図1:ダイナミックデータ(商品と地理情報)と静的なグラフィック要素を使用したキャンペーンのルック&フィール
- 一方、「ダイナミッククリエイティブの最適化」はここからさらに一歩踏み込んで、単にパーソナライズされたデータをもとに汎用的なクリエイティブを組み立てるのではなく、機械学習テクノロジーを使って各買物客やコンテキストに最適なビジュアル要素をリアルタイムで選択し、コンテンツとクリエイティブの両方を最適化します。
こうした最適化の第一の目的は、キャンペーンのパフォーマンス改善(クリック率、コンバージョン率、売上UPなど)にあります。
図2:ダイナミックデータと動的に最適化された要素(地理情報 vs 評価)を使用したキャンペーンのルック&フィール
エンジンは最適化のプロセスで、まず表示するグラフィック要素の選択を行い、次にクリエイティブおよび要素のルック&フィールの選択という、2つのタスクを実行しなければなりません。
表示するグラフィック要素を効果的に選び出す技術はかなり進化しており、一般的なリターゲティングのシナリオの場合、表示される商品の数を買物客ごとに最適化することもできるようになっています。
このタスクは複雑なため、DCOは長期的な目標として、特定の買物客に関連する地理情報などを含むクリエイティブ要素を、すべてリアルタイムで選択できるようにすることを目指しています。
また、要素のルック&フィールの最適化についても、市場では多くの調査や開発が行われており、パフォーマンスは大きく改善されています。
たとえば機械学習テクノロジーでは、買物客を有望な見込み客へと導く可能性が最も高いクリエイティブの色、行動の喚起(CTA)、要素の相対的サイズを選択することができます。
今後、機械学習ツールにより多くのデータがフィードされれば、クリエイティブの最適化機能がカバーする領域はさらに拡大し、たとえばアニメーションやブランディングメッセージなども最適化できるようになるでしょう。
DCOが重視される理由
DCOを活用することによって、広告主は多くのメリットが得ることができます。
ダイナミッククリエイティブの最適化は、まず各キャンペーンの情報を瞬時に学習するところからスタートします。たとえば、任意の集団に対してどのルック&フィールが好ましいか、 CTAによるメッセージングはどのタイプが最も興味を喚起できるか、またどのディスプレイ環境が最高のパフォーマンスを発揮するかなどについての学習です。
これらの疑問に対する答えは無限に考えられますが、ダイナミッククリエイティブの最適化を活用することによって、広告主は効果的な方法に素早くたどり着くことができます。
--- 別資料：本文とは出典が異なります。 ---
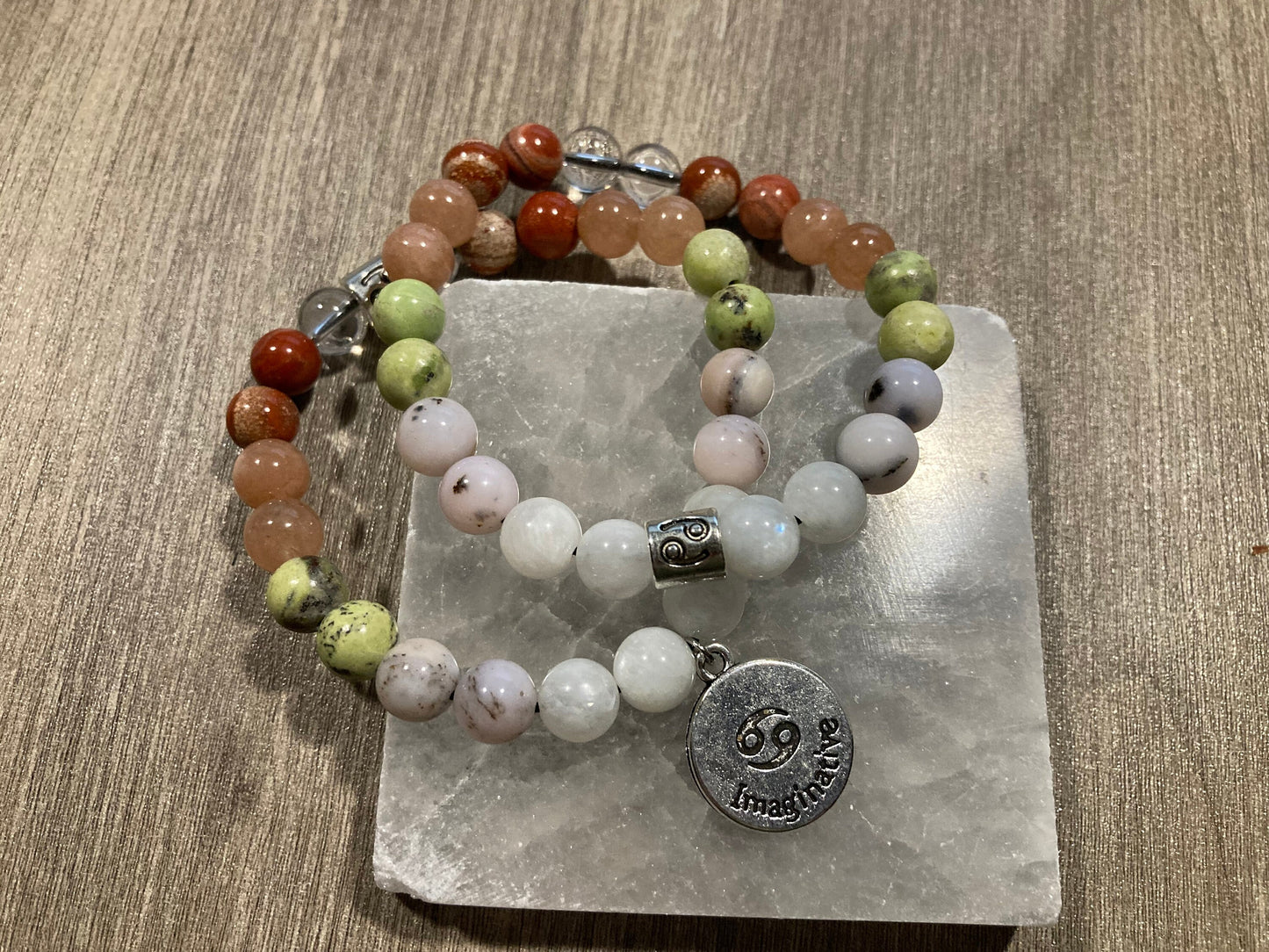 Cancer zodiac astrology bracelet - June July - Crystal Jewelry - Red Jasper - Sunstone - Pink Opal - Moonstone - Chrysoprase - Clear Quartz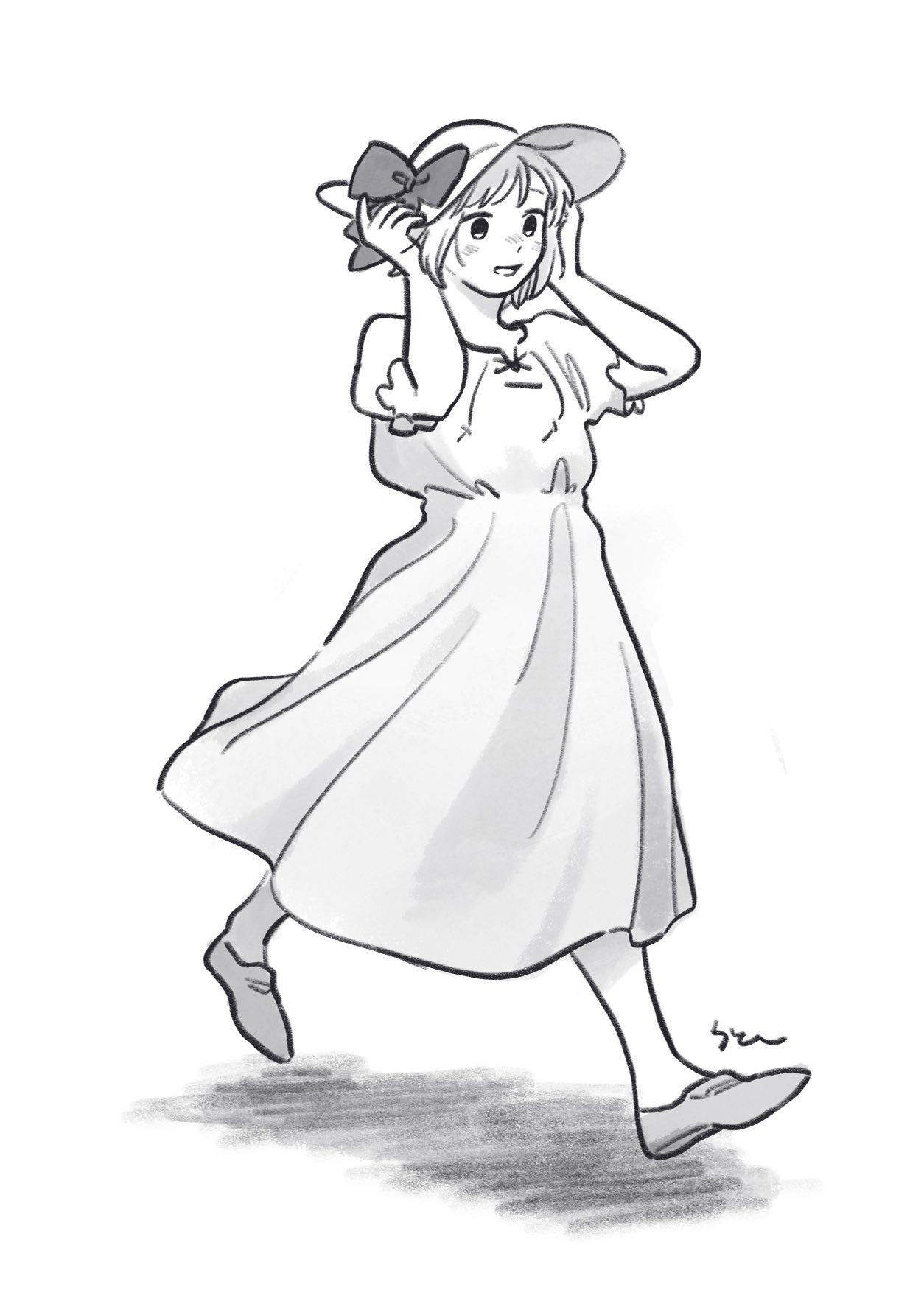 mi aph to, liechtenstein (hetalia), axis powers hetalia, commentary request, highres, 1girl, blush, bow, dress, full body, greyscale, hands on headwear, hands up, hat, hat bow, looking to the side, monochrome, open mouth, puffy short sleeves, puffy sleeves, shadow, shoes, short hair, short sleeves, simple background, smile, solo, walking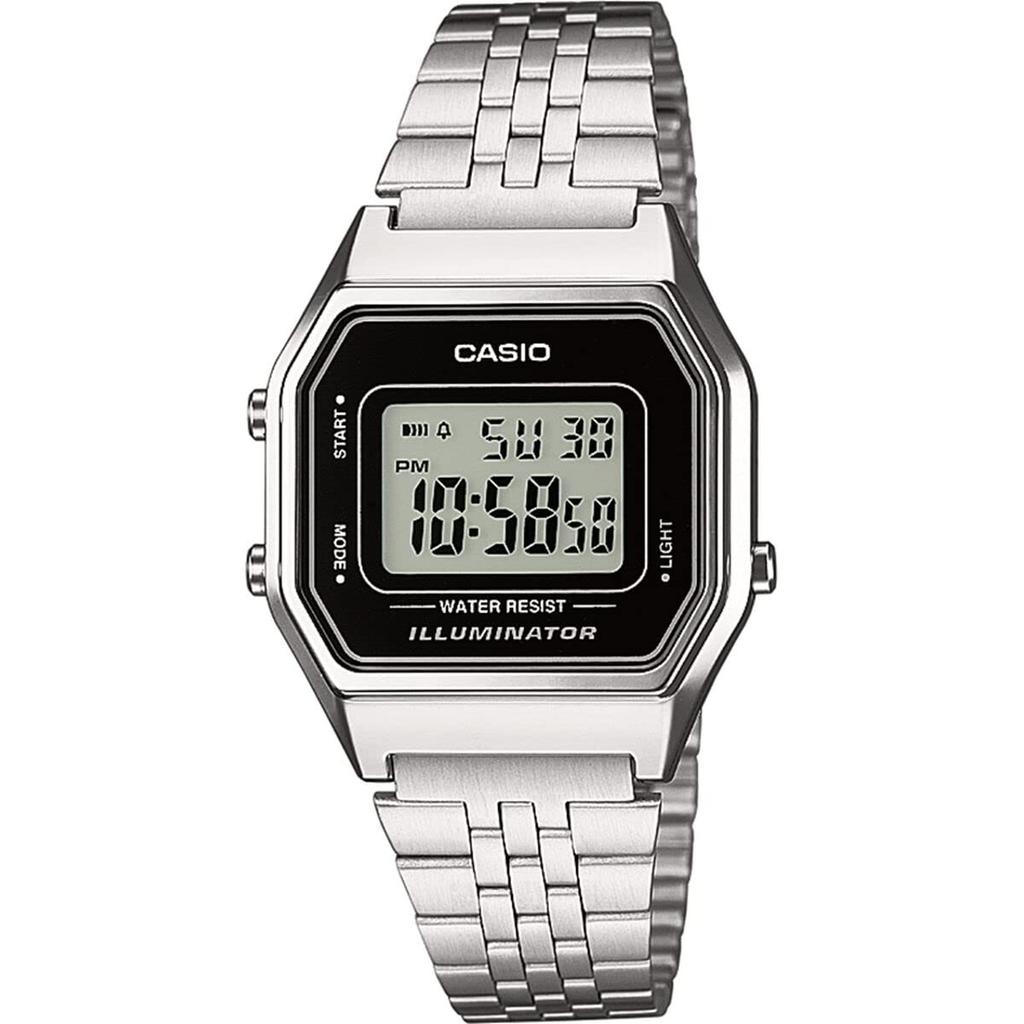 Casio Vintage LA680WEA-1EF Digital Watch for Women, Silver/Black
次に、DCOはパーソナライズされたマーケティングアプローチの効果を最大化させます。
DCOの技術は各買物客ベースで機能するため、表示されるクリエイティブの大部分は特定の個人向けに最適化されています。つまり、その人にとって関連性の高い要素だけが表示され、広告のサイズや配置、色なども可能な限り最適なものが選択されます。
そのため、DCOは特にパフォーマンスがより重視されるキャンペーン(例:リターゲティング)などで優れた効果を発揮します。
また最適化のプロセスでは、広告の関連性の維持、ブランドガイドラインへの準拠に加え、キャンペーンの設定にかかる時間や複雑さを大幅に軽減するとともに、パーソナライゼーションから手間のかかるデータの準備、分析、配信に至るまで、すべてを一貫して処理することが可能になります。
こうすることで、クリエイティブ担当のスタッフはマーケティングキャンペーンの要となるクリエイティブなアイデアの創出に、より多くの時間をかけられるようになります。そして、キャンペーンでは機械学習機能がユーザのリアルタイムな行動データを継続的に収集し、キャンペーンに反映するという好循環が生まれるのです。
ますます重要性が高まるDCO
日進月歩で進化するDCOのパフォーマンスですが、この技術はまだ成熟の域には達していません。今後も進化しながら、将来の広告業界において重要な役割を担っていくことになるでしょう。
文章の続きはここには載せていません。